Leonard, with a charisma beyond his years balanced with a sense of humor inviting of a stranger, believes his place with Horizon couldn’t be more perfect.
In the past, he struggled to find his footing. Leonard grew up in Philadelphia; his mother, Tracy, played at California University of Pennsylvania. The family moved to Georgia, in the Lambert district, before his high school career began. An early grower, Leonard felt like he was destined to become a star with the Longhorns.
“I played post my entire life. I’ve always been taller. So I thought that was going to be a fit for me,” he said.
Then came the first round of bad news – Leonard got cut his freshman year. At that moment he was approached by Kantrail Horton, a former player at Iowa State University who works individually with many of Lambert’s players.
“He saw something in me and wanted to help develop my game, so that was nice to see,” Leonard said.
Then came sophomore year. After all of the hard work, Leonard was shocked to find out he was cut a second time. The immense depth of players in Lambert’s bonafide program made it difficult to stay above the crop.
Leonard reflected, initially disappointed, but knew he wasn’t going to give up on his dream, so he transferred to Horizon for his junior season with the likes of former Forsyth Central player Isaiah Laws and another former Lambert player in Liam Dahlberg.

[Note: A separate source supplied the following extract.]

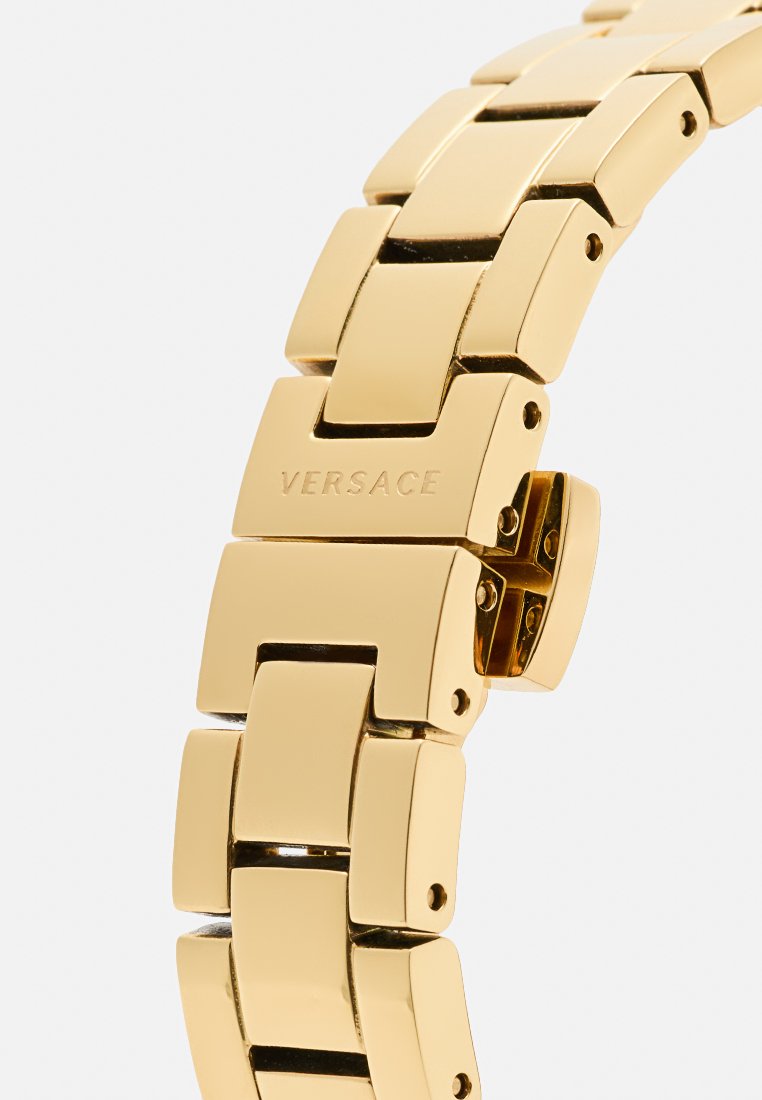 Montre-bracelet en métal doré avec un design massif, comportant des maillons rectangulaires et un fermoir gravé "Versace". Fini lisse et poli.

The move worked: The Warriors had the program’s first-ever perfect season last year, 22-0, and won the GICAA state championship. With a deep team, Leonard was forced to play more on the wing than in the post—that began to make sense when he realized he wasn’t going to be taller than 6-foot-4.

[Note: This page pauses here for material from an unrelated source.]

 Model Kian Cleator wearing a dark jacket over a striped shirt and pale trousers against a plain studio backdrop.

This offseason Leonard attended a men’s basketball game at Kennesaw State, mulling over his options to play in college. There he had his epiphany.
“If I want to play at the next level, I’ve got to be a great wing player,” Leonard said. “I saw their guards, they were only a bit shorter than me and the other guys are just so much bigger.”
That realization explains why Leonard loves taking jabs at Taylor about his shooting.
“I bet there’s a lot of people in this county who think I can’t shoot,” he said with a grin.
This season Leonard is leading the Warriors with hopes of returning back to the state championship. They’re 8-4, but in the midst of an eight-game winning streak.
“It’s going to be hard to repeat what we did last year, but with us losing some games early actually took some pressure off. Last season is was all about not losing. This year, our goals are still in front of us,” Leonard said. “I wouldn’t trade this situation for anything.”